Introduction

Major depressive disorder (MDD) is a significant medical condition impacting an individual’s mood, behavior, appetite, and sleep as well as thoughts of suicide1. MDD is a leading cause of disability and morbidity worldwide2, with an estimated lifetime prevalence of around 15%3. MDD is a complex multifactorial disorder, with contributions from both genetic and environmental factors4. However, the exact etiology of MDD remains to be unclear, and there is pressing urgency to further explore the pathological mechanisms underlying MDD to facilitate the design and implementation of efficient prevention strategies or novel treatments.
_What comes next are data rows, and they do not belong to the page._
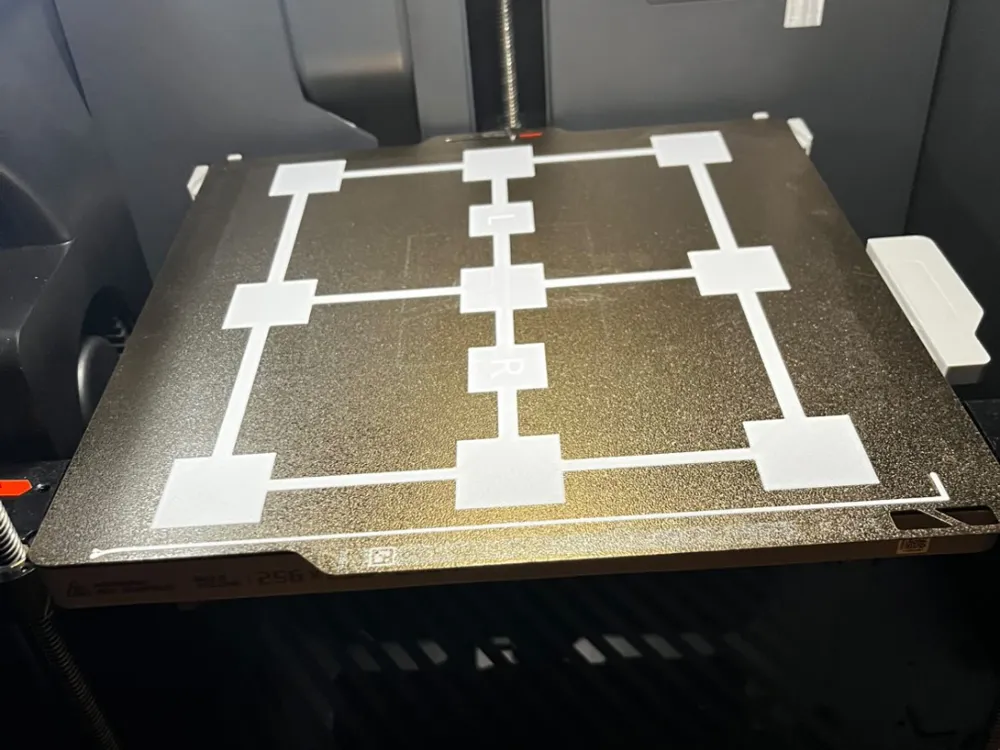 Bed Leveling Test Printer Calibration Tool - Free 3D Print Model ...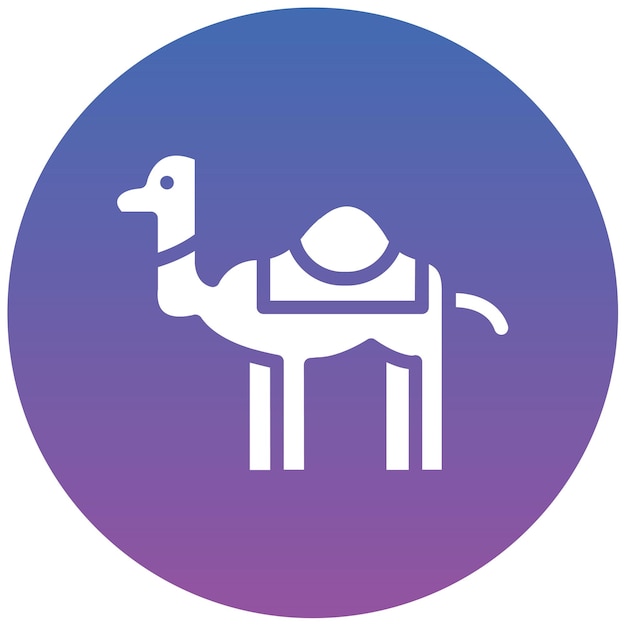 Ilustracja wektorowa dromedary
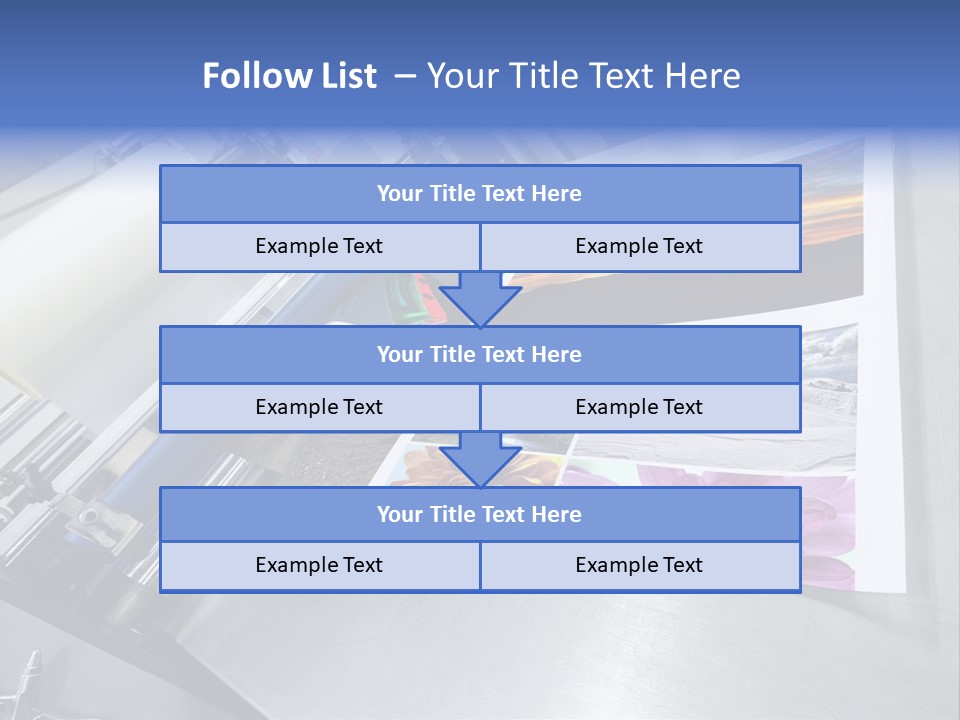 Business Printer Publish PowerPoint Template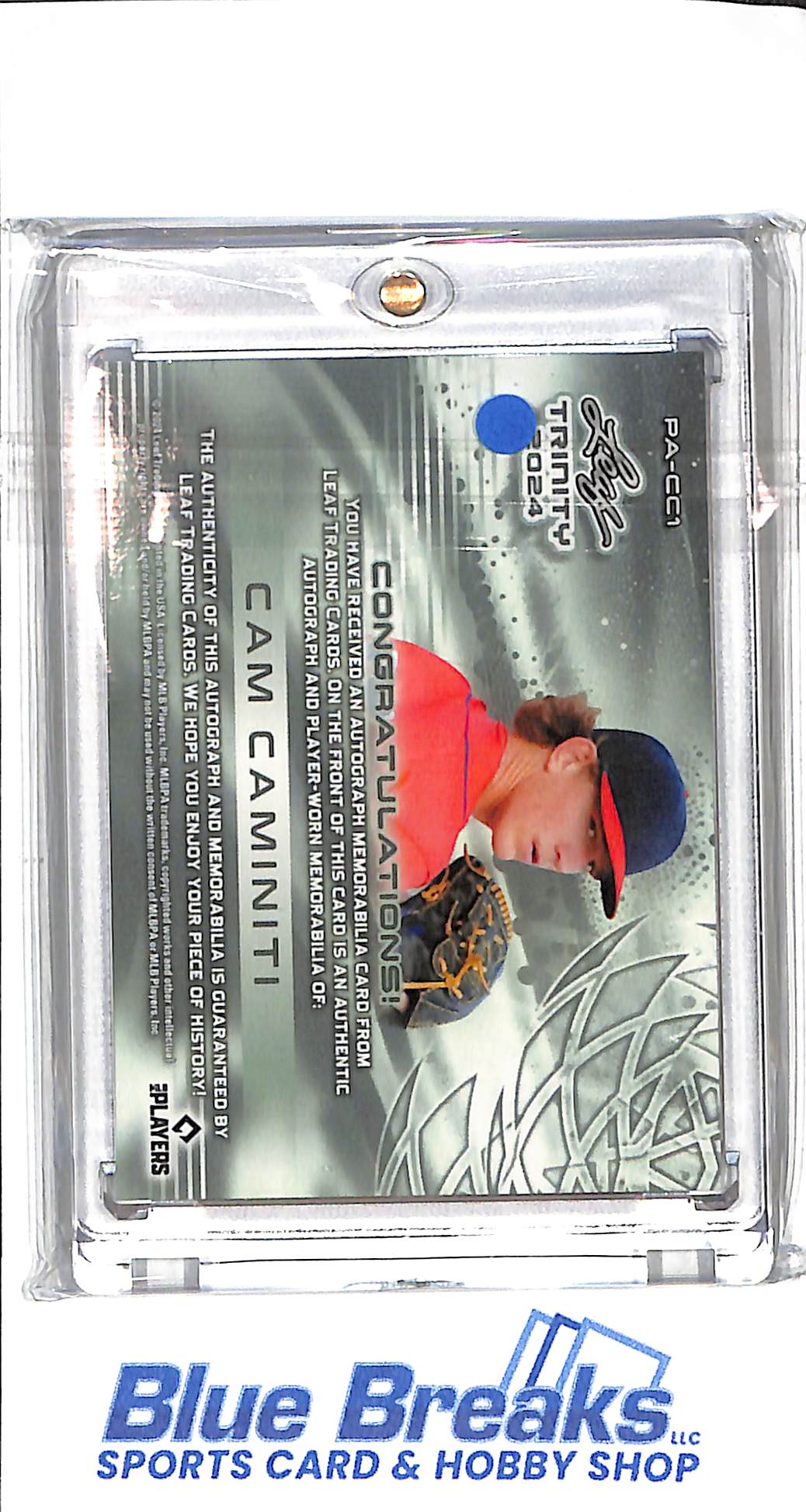 2024 Leaf Trinity - Cam Caminiti - Atlanta Braves - #PA-CC1 - Patch - Relic - Auto - 8/49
Previous twin studies found the heritability of MDD to be ~30–40%5,6. Genome-wide association studies (GWASs) have been successful in identifying genetic variants associated with MDD7,8,9,10,11, such as single-nucleotide polymorphisms (SNPs) in/near sortilin-related VPS10-domain-containing receptor 3 (SORCS3), transcription factor 4 (TCF4), and neuronal growth regulator 1 (NEGR1). However, the biological interpretation of the identified genetic variants remains largely unclear. Because many of the genetic variants identified in GWASs are located in non-coding regions, it is likely that these genetic variants exert their effects on diseases/disorders via gene expression12. Therefore, it is important to explore the relationship between genetic variation and gene expression to better understand the regulatory pathways underlying the pathogenesis of MDD.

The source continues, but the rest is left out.